DATA SUPPLIED:
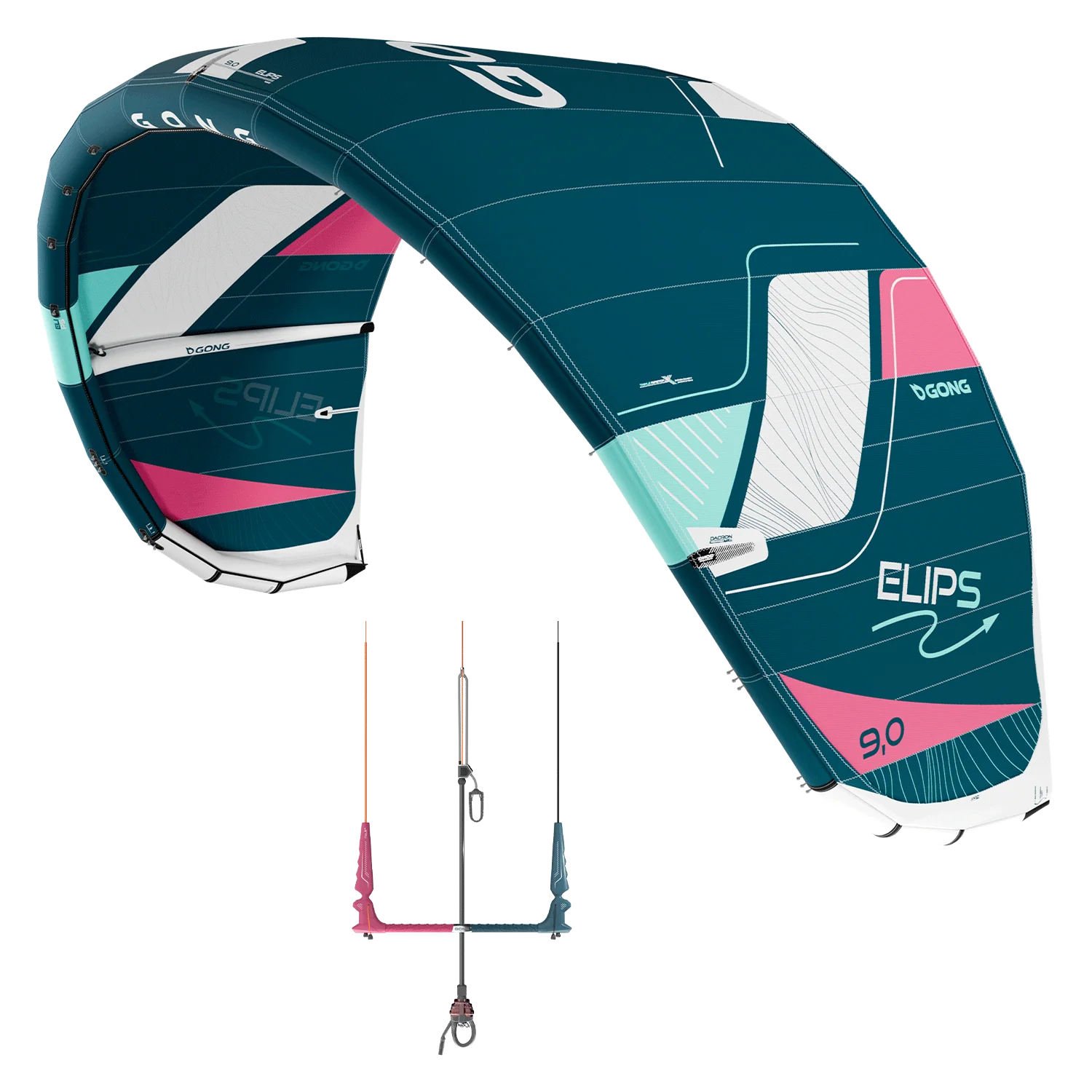 Pack | Pack Kite Elips & Kite Barre
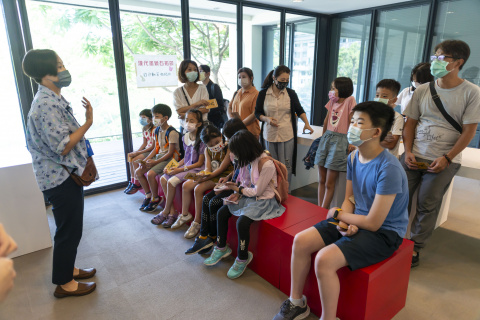 文物館遊樂園（7/19、8/23）甲骨文這樣玩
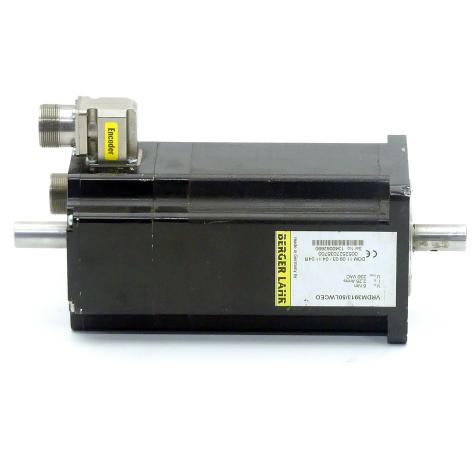 3-phase step motor with encoder VRDM3913/50LWCEO Used
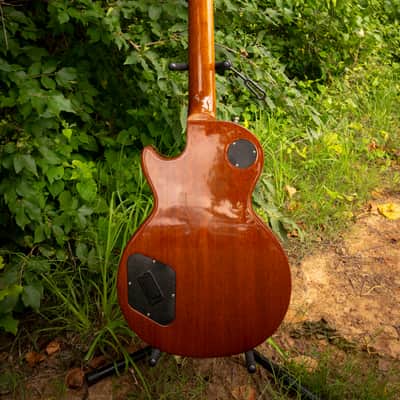 2015 Gibson Les Paul 100 - Desert Burst image 10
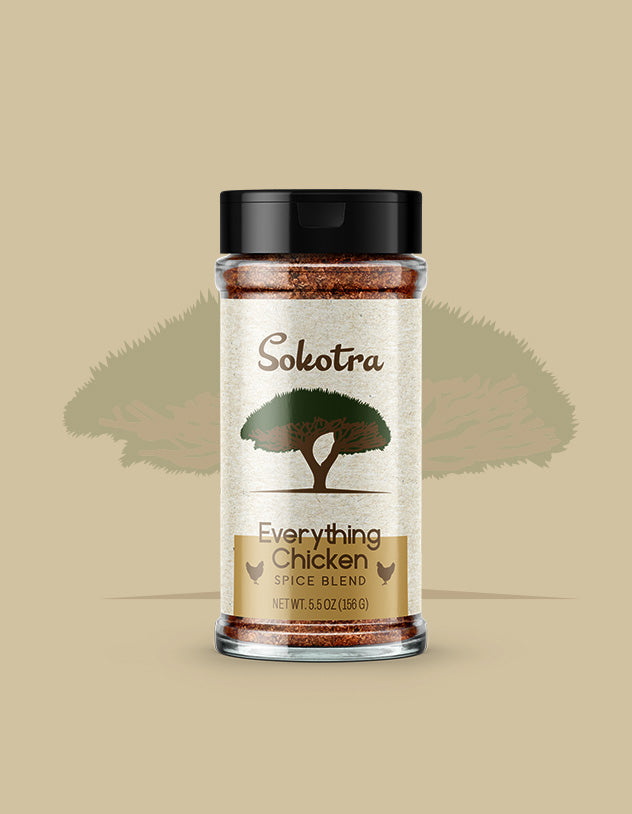 Everything Chicken Spice - Main Image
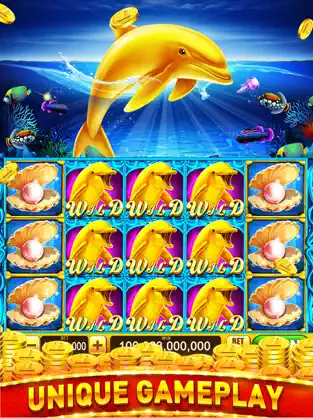 Imatge 7 Lucky Win Casino: Vegas Slots iphone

WHAT YOU HAVE TO DO:
Each line from the one holding "2015 Gibson Les" through the last line of the records above must be duplicated exactly, and pictures must not be.

RESPONSE AREA:
 2015 Gibson Les Paul 100 - Desert Burst image 10
 Everything Chicken Spice - Main Image
 Imatge 7 Lucky Win Casino: Vegas Slots iphone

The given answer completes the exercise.